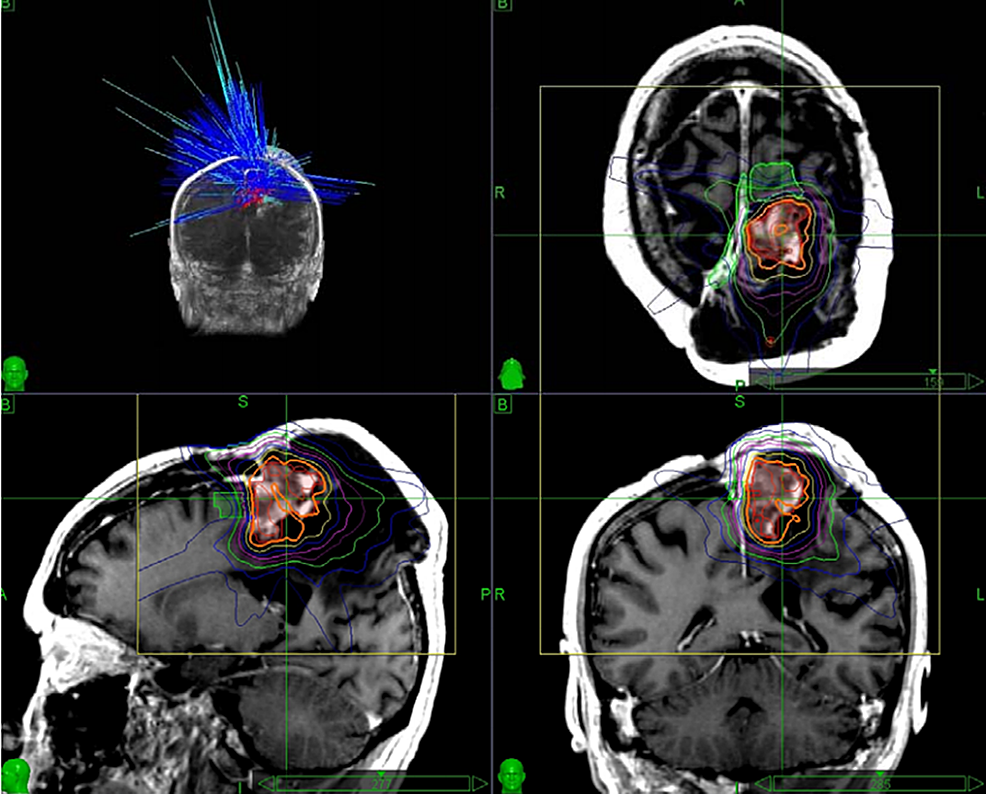 Stereotactic Radiosurgery In The Treatment Of Glioblastoma Multiforme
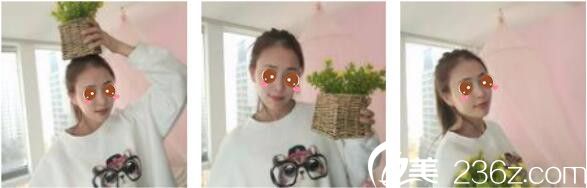 韓國Toxnfill整形外科宋仁權瘦臉除皺瘦真人案例術后十五天 韓國Toxnfill整形外科宋仁權瘦臉除皺瘦真人案例術后十五天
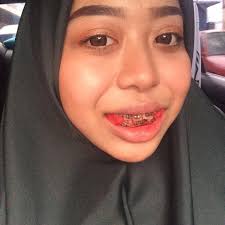 Kisah kehidupan keluarga kerajaan ini jadi tragedi. Penat Diejek Gadis Ini Nekad Pakai Braces Melalui Doktor Bertauliah Hasilnya Senyuman Jadi Cantik Lebih Confident Hijabista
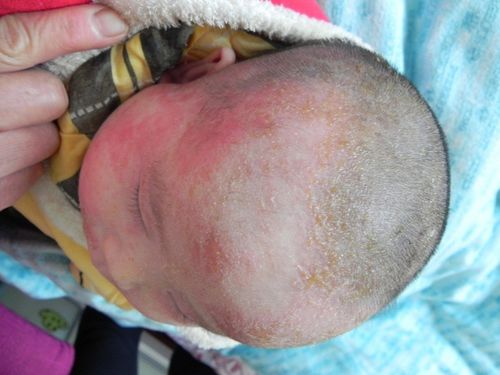 婴儿头上长湿疹怎么办,两大方法结合轻松痊愈
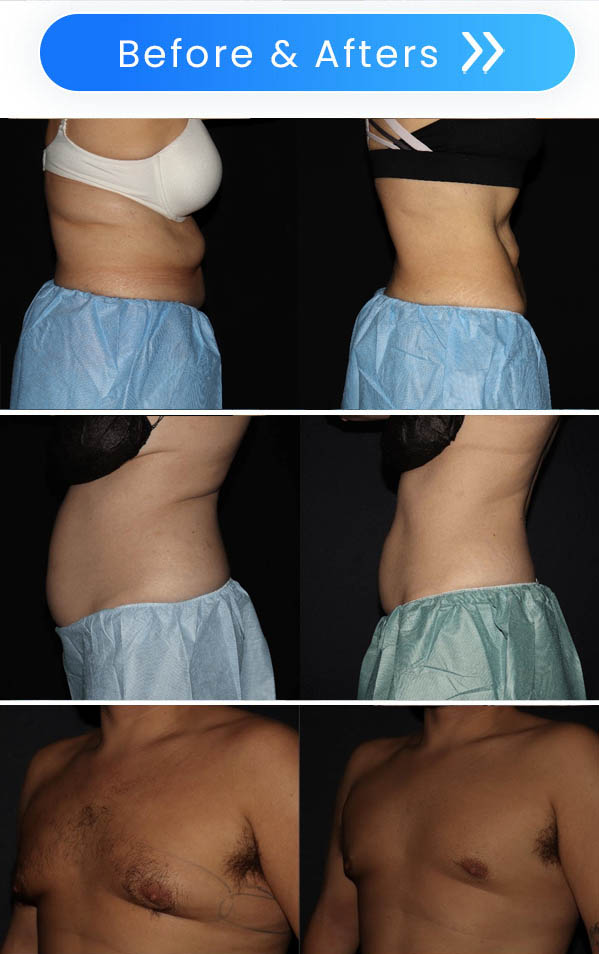 Bodenvy-Before-and-After-CoolSculpting-Orlando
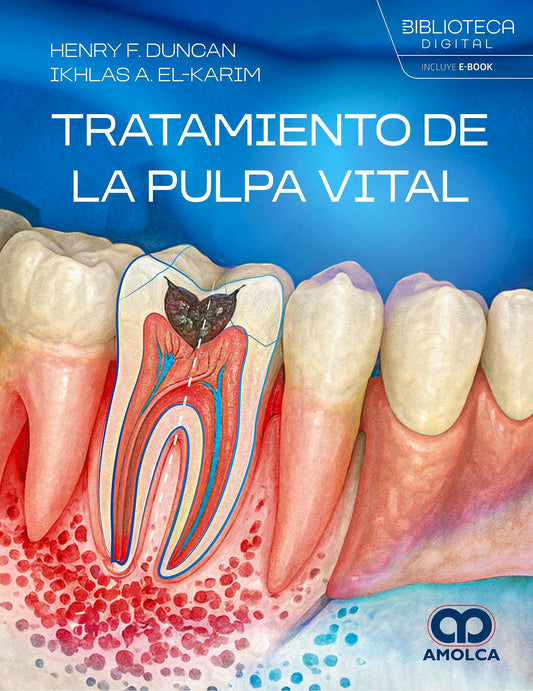 Tratamiento de la Pulpa Vital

====================

§ ACTIVITY
Give again, exactly as written, the lines from the one with "韓國Toxnfill整形外科宋仁權瘦臉除皺瘦真人案例術后十五天 韓國Toxnfill整形外科宋仁權瘦臉除皺瘦真人案例術后十五天" through the last line of the entries above, but skip the pictures.

§ RESPONSE TO THIS TASK
 韓國Toxnfill整形外科宋仁權瘦臉除皺瘦真人案例術后十五天 韓國Toxnfill整形外科宋仁權瘦臉除皺瘦真人案例術后十五天
 Kisah kehidupan keluarga kerajaan ini jadi tragedi. Penat Diejek Gadis Ini Nekad Pakai Braces Melalui Doktor Bertauliah Hasilnya Senyuman Jadi Cantik Lebih Confident Hijabista
 婴儿头上长湿疹怎么办,两大方法结合轻松痊愈
 Bodenvy-Before-and-After-CoolSculpting-Orlando
 Tratamiento de la Pulpa Vital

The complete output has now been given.